[GIVEN INFORMATION — start]

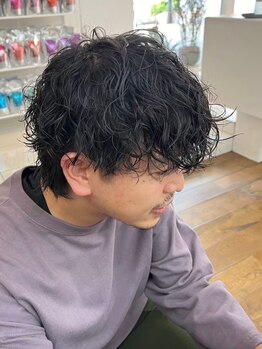 リカロヘアー(Ricaro hair)の写真/忙しい朝も簡単スタイリング☆顔型別の似合わせカット&パーマのバランスで好感度UP♪[宇品/メンズカット]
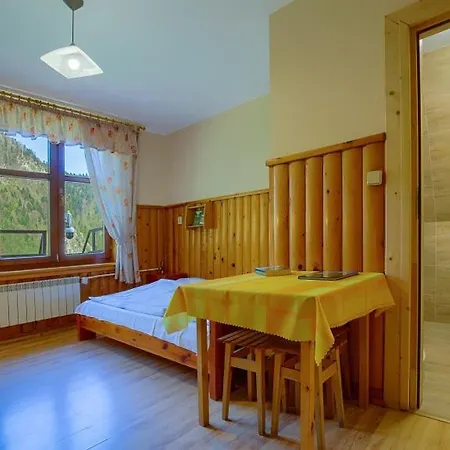 فندق مبيت وإفطار Schronisko Pttk Trzy Korony *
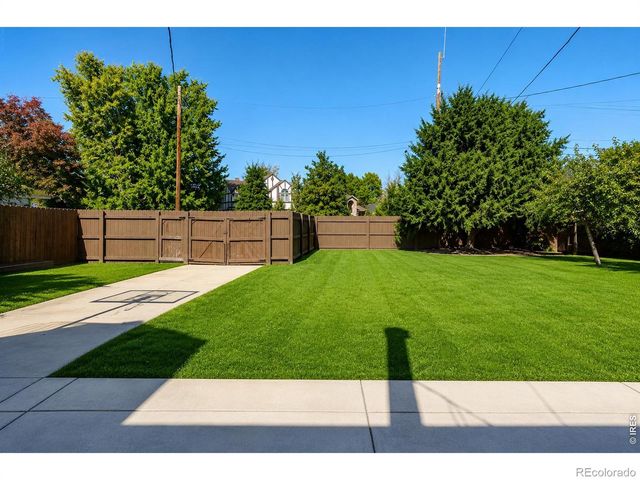 3015 E Mississippi Avenue, Denver, CO 80210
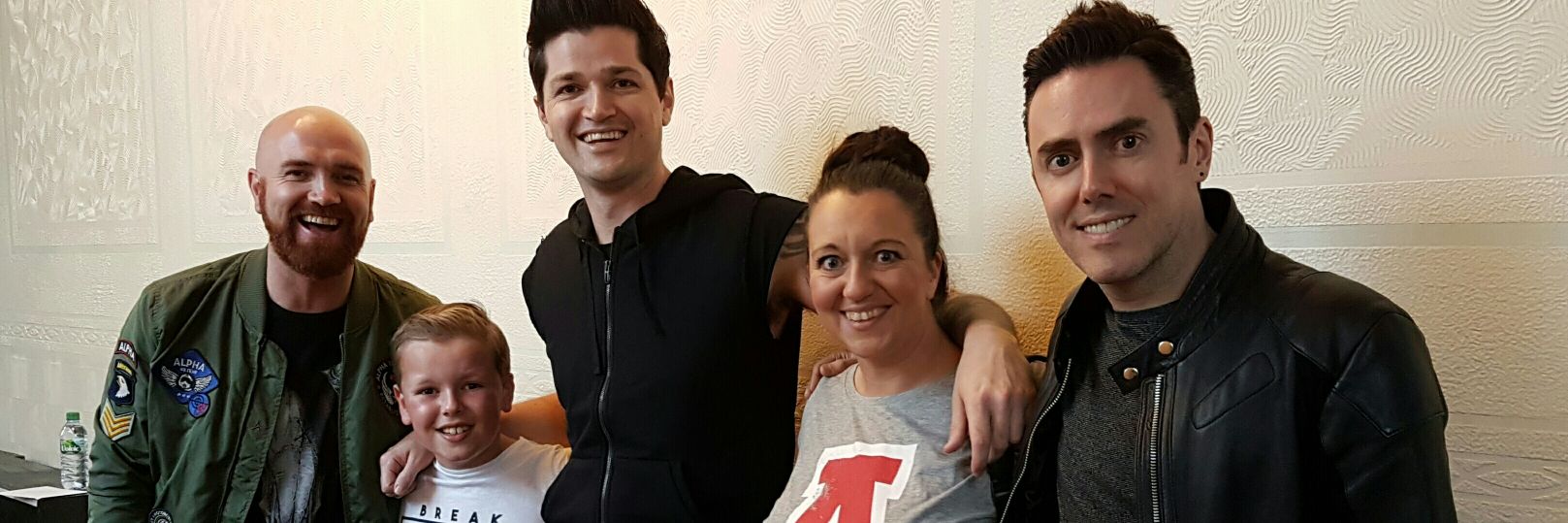 vicj74's profile banner image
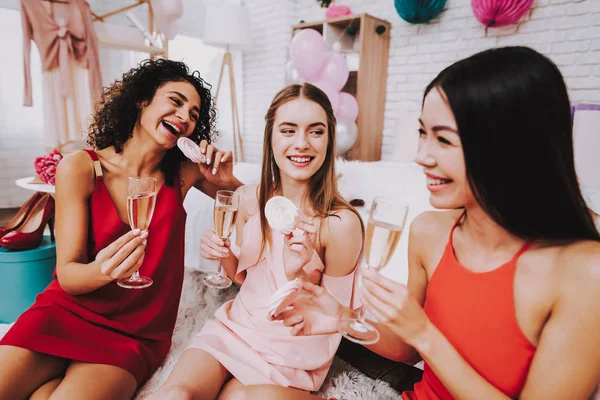Glasögon Champagne Fira Kvinnodagen Känslomässiga Kvinnor Glada Kvinnor Vacker Flicka — Stockfoto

[GIVEN INFORMATION — finish]

BRIEF
Given the listing above, return exactly, and only, the lines from the line with "فندق مبيت وإفطار" through its final line, both included, with the pictures removed.

WRITTEN SOLUTION
 فندق مبيت وإفطار Schronisko Pttk Trzy Korony *
 3015 E Mississippi Avenue, Denver, CO 80210
 vicj74's profile banner image
Glasögon Champagne Fira Kvinnodagen Känslomässiga Kvinnor Glada Kvinnor Vacker Flicka — Stockfoto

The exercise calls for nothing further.